Problem requirements: Without the pictures, restate all of the data below word for word.

Material for this exercise:

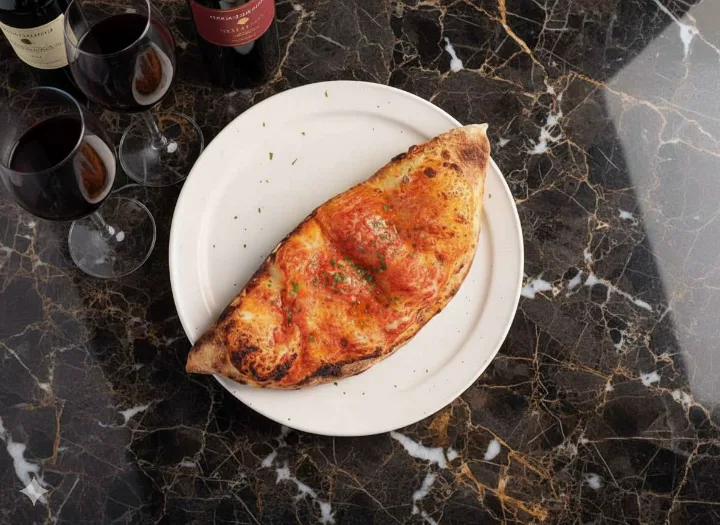 オクス・カルツォーネ CALZONE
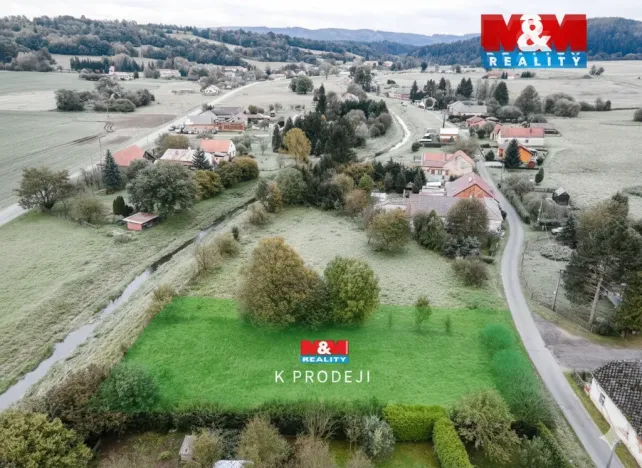 Prodej pozemku pro bydlení, Linhartice, 1373 m2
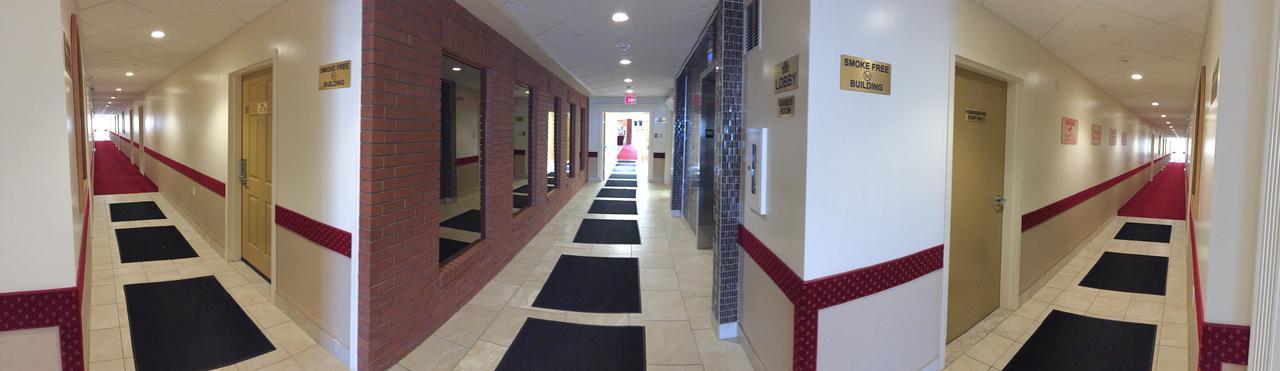 New Imperial Suites Whitecourt Εξωτερικό φωτογραφία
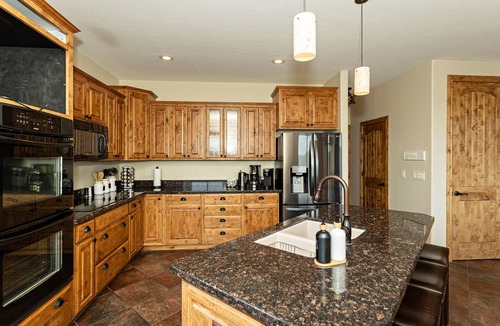 Prescott House | Prescott's #1 Luxe Mountain Sanctuary | Cozy Spa | Golf | Majestic Views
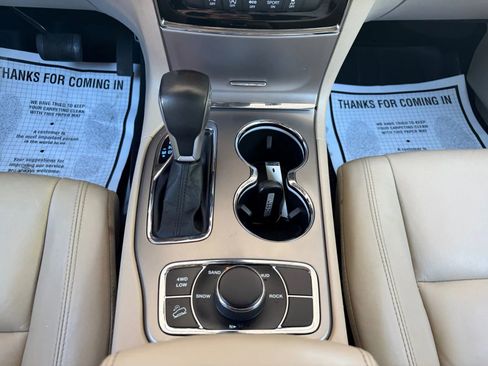 Used 2019 Jeep Grand Cherokee Limited AWD/4WD image 25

Response for this exercise:
 オクス・カルツォーネ CALZONE
 Prodej pozemku pro bydlení, Linhartice, 1373 m2
 New Imperial Suites Whitecourt Εξωτερικό φωτογραφία
 Prescott House | Prescott's #1 Luxe Mountain Sanctuary | Cozy Spa | Golf | Majestic Views
 Used 2019 Jeep Grand Cherokee Limited AWD/4WD image 25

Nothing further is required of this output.